A life insurance policy offers financial protection and stability. Just as car insurance transfers the risk of the costs of an accident from the car owner to the car insurance company, a life insurance policy transfers the financial risk of death from the insured to the life insurance company. In the event of the policyholder’s death, the beneficiary can use the death benefit in any way he or she sees fit.

The benefit can be used for day-to-day living expenses, mortgage payments or other debt obligations. It can also be used to pay for a child’s private secondary or college tuition. In some cases, the death benefit is needed only to ensure that funeral, burial and other final expenses are covered.

What is a Term Life Insurance Policy

A term life insurance policy is regarded as a “pure” insurance policy. This means that the premium is applied only toward the payment of the death benefit and not to a cash building investment account. If the insured dies during the term, the death benefit is paid to the beneficiary. If the insured is alive at the end of the term, he or she will normally have the option of renewing the policy for another term or converting it to a permanent policy, depending on the age at renewal or conversion.

A term life insurance policy is in force for a specific length of time. The length of time is known as the “term”. While the length of the term will vary based on the type of policy sold and the life insurance company that sells it, the term can be as short as one year or as long as 30 years. The two most common types of term life insurance policies are:

Term Life with Annual Renewable Term

The term length on a term life insurance policy with an annual renewable term is 12 months. At the end of the 12 months, the insured is usually given the option to renew the policy, generally at a higher premium.

Term Life with Level Benefit

A term life insurance policy with a level benefit features a level premium. If the length of the term is 20 years, the premium will not increase during the 20-year term.

The two most important points to understand about term life insurance are that it is temporary and the premium is applied to the death benefit only.
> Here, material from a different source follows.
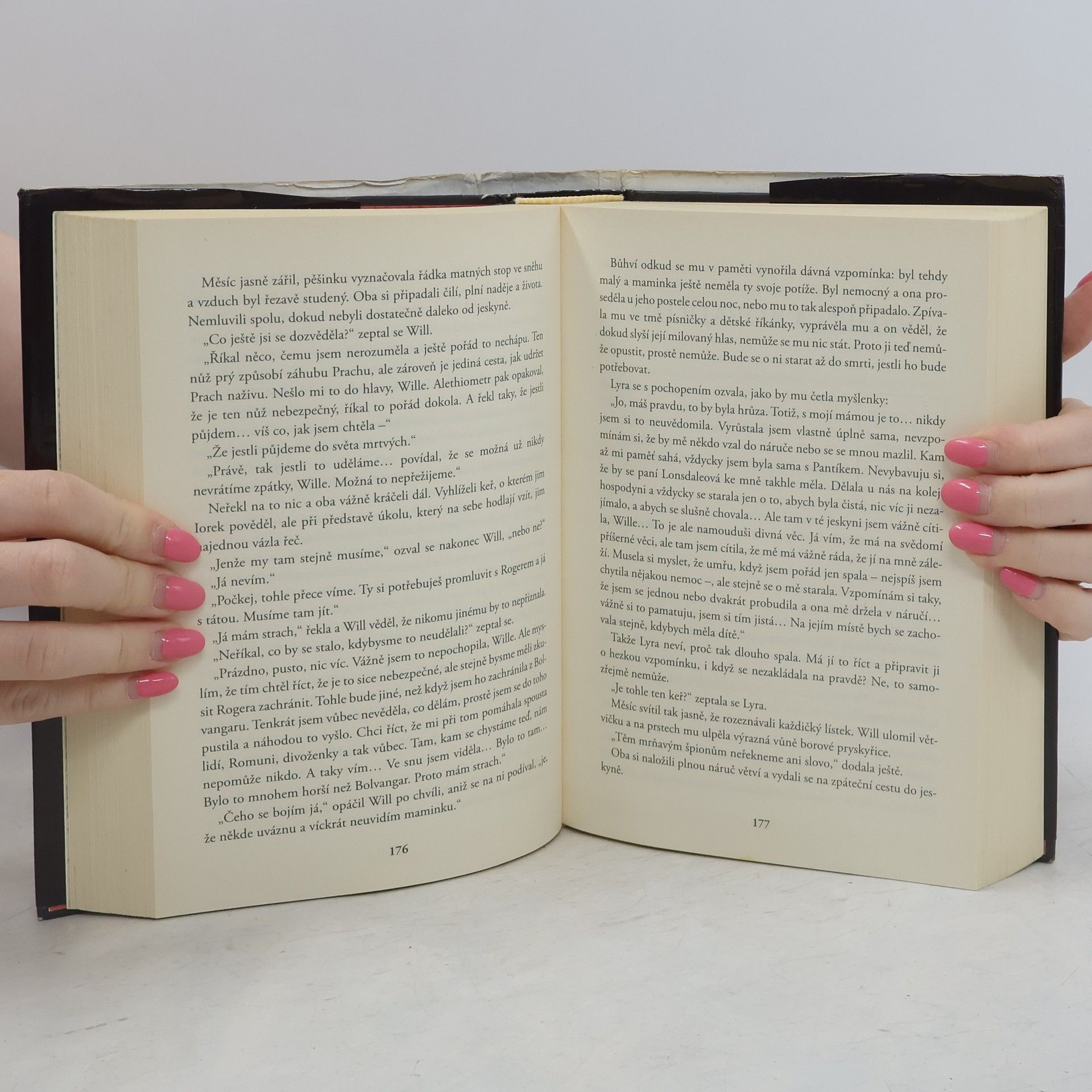 Philip Pullman Jeho temné esence. Svazek III, Jantarové kukátko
What is a Permanent Life Insurance Policy

Unlike temporary term insurance, a permanent life insurance policy is in force permanently, provided premiums are paid in accordance with the contract. The death benefit is paid to the beneficiary when the policy matures upon the death of the insured. A portion of the premium is applied toward the cost of providing the insurance. The other portion is credited to a cash-building savings account that grows tax-deferred. A policyholder has the option of taking a loan against the accumulated cash value or of using the policy as collateral for a loan.

The premium in the early years of a permanent policy can be more expensive than the premium of a term policy. However, in later years, a permanent policy can be much more cost effective. There are two primary types of permanent life insurance: Whole life and universal life.
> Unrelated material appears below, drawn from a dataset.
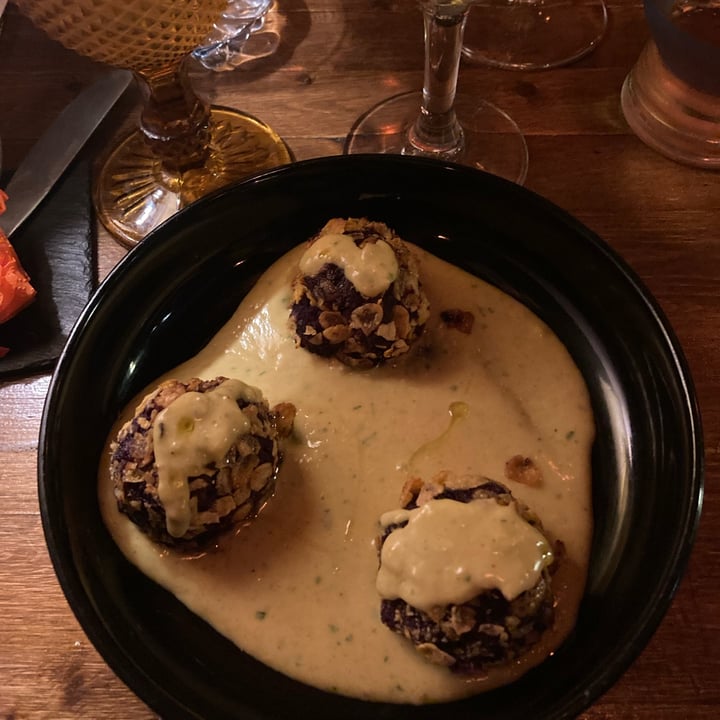 photo of In Gattaia. Bistro' Polpette di cavolo viola con crema di cocco e curry shared by @chiar4paolucci on  24 Apr 2024 - review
Permanent Whole Life Insurance

The most common whole life insurance policy is one that pays a dividend that is tied to the earnings of the insurance company. Known as a “participating” whole life policy, this type of permanent policy helps to ease erosion of the cash account due to inflation by increasing the death benefit.

Permanent Universal Life Insurance

The premium amount and schedule paid a universal life insurance policy can be adjusted according to the needs of the insured. Further, the amount credited to the cash portion of the account is based on a fixed rate of interest that is determined according to the contract and prevailing market conditions.

The two most important points to understand about a permanent life insurance policy are that it provides permanent coverage and builds cash value through a savings component of the premium.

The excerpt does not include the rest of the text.